When you configure a WebRTC stream over the network, the actual information being sent or received are the individual audio and video streams, possibly encoded as the mentioned AAC and H.264 codecs. However, if you use Kurento’s RecorderEndpoint, then you need to choose a container format in order to store these streams into an actual file. Here is when the most important decision must be done, as different container formats have different advantages and drawbacks.
MP4 metadata issues
An MP4 file breaks down into several units of data, called atoms. Some of these atoms will contain actual audio samples and video frames; some contain accompanying data such as captions, chapter index, title, poster, etc; and lastly some contain so-called metadata which is information about the video itself, required by the player or receiving decoder to do its job adequately.
In an MP4 container, every movie contains a video metadata atom or “moov atom”, describing the timescale, duration, and display characteristics of the movie. It acts as an index of the video data, and the file will not start to play until the player can access this index.
By default, MP4 stores the moov atom at the end of the file. This is fine for local playback, since the entire file is available for playback right away. However, writing the moov atom only at the end is a very bad idea for cases such as progressive download or streaming as it would force the download of the entire file first before it will start playback. Similarly, live recording in this format can be problematic if the recorder is abruptly stopped for whatever reason (think an unexpected crash), rendering an unreadable file.
The solution for these special cases is to move the moov atom to the beginning of the file. This ensures that the required movie information is downloaded (or recorded) first, enabling playback to start right away. The placement of the moov atom is specified in various software packages through settings such as “progressive download,” “fast start,” “streaming mode,” or similar options.
MP4 Fast-Start in Kurento
An easy solution to the interrupted recording problem is to move the moov atom metadata to the beginning of the file. This means that if the recording crashes, all required metadata will have already been written out to the file, so the file will still be readable (at least to some point). Using this technique is called MP4 Fast-Start.
MP4 Fast-Start has been tested for recording in Kurento, however the results were not very satisfying.
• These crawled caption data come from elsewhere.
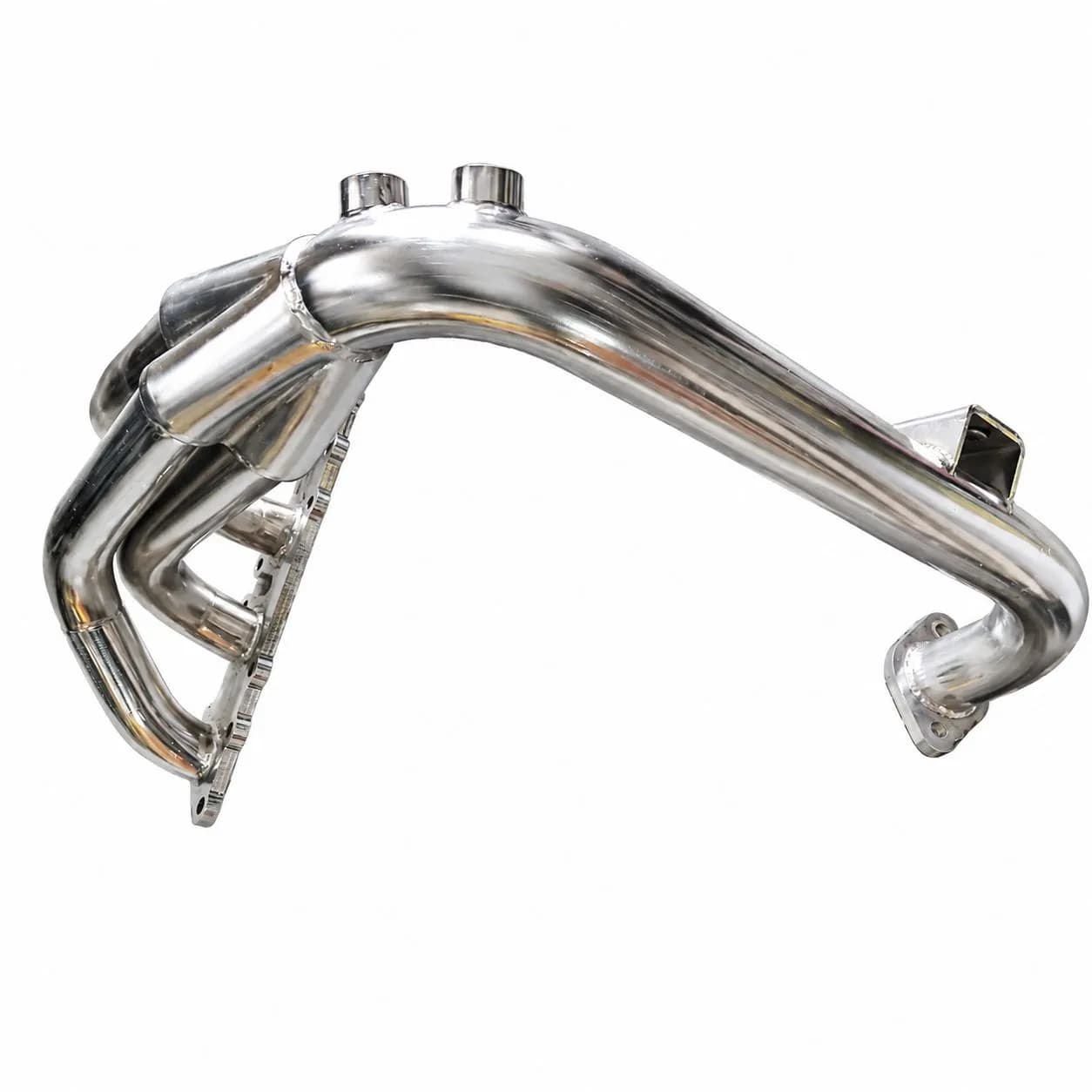 هدرز فولادی EF7 سمند دنا – انجین پاور — تصویر ۲
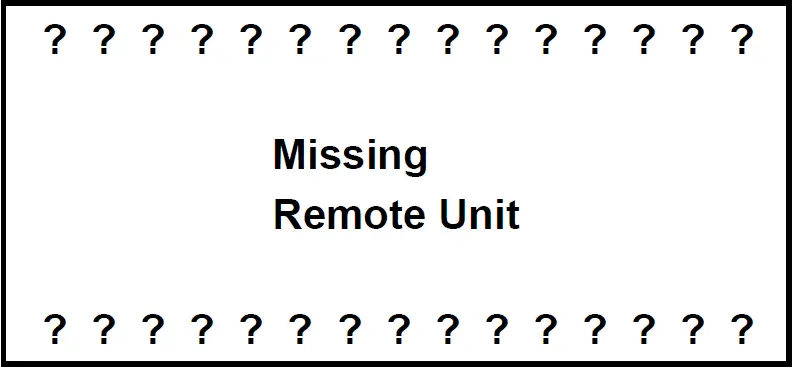 CHAUVIN ARNOUX CA 7028 Wiring Tester 13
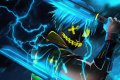 Profilbild Tenshiro, Avatar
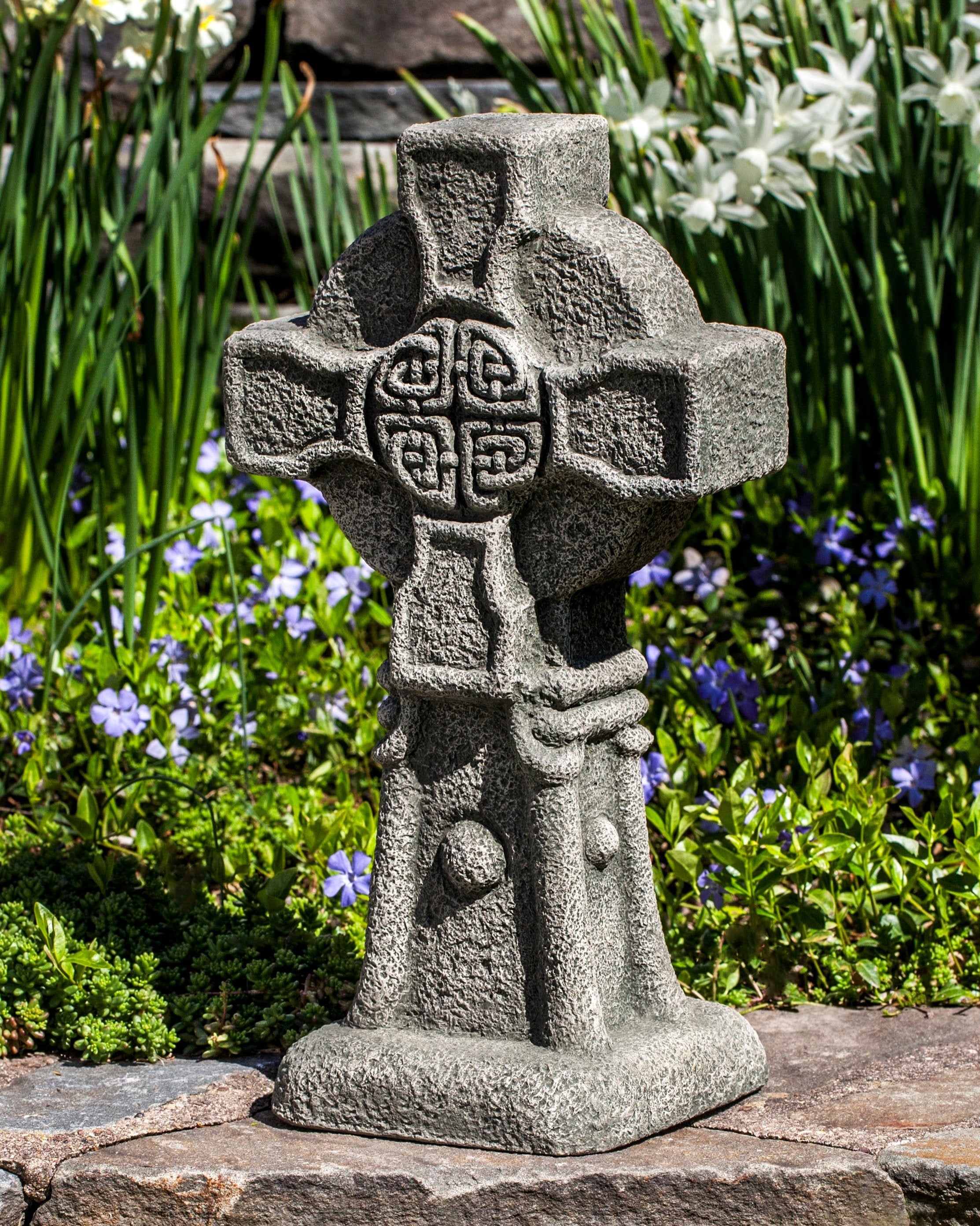 Celtic Cross by Campania International – Birdsall & Co.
In case of a crash, the files were effectively playable, however this would come at a great cost in terms of resulting file size. MP4 videos with Fast-Start mode enabled would grow in size much faster than those recorded without Fast-Start enabled.
Due to this observation, MP4 container format is just considered not the best choice for live recording with Kurento, with WEBM being the better option. Also the popular MKV (Matroska container format) has been made available to use for recording since Kurento Media Server release 6.10. This format is much more robust than MP4 and provides great results for live recording. However, note that most browsers don’t have native support for directly opening local MKV files (e.g. with
<video src="myVideo.mkv">), while they are able to open WEBM, so we still recommend WEBM as the most compatible container format for recordings.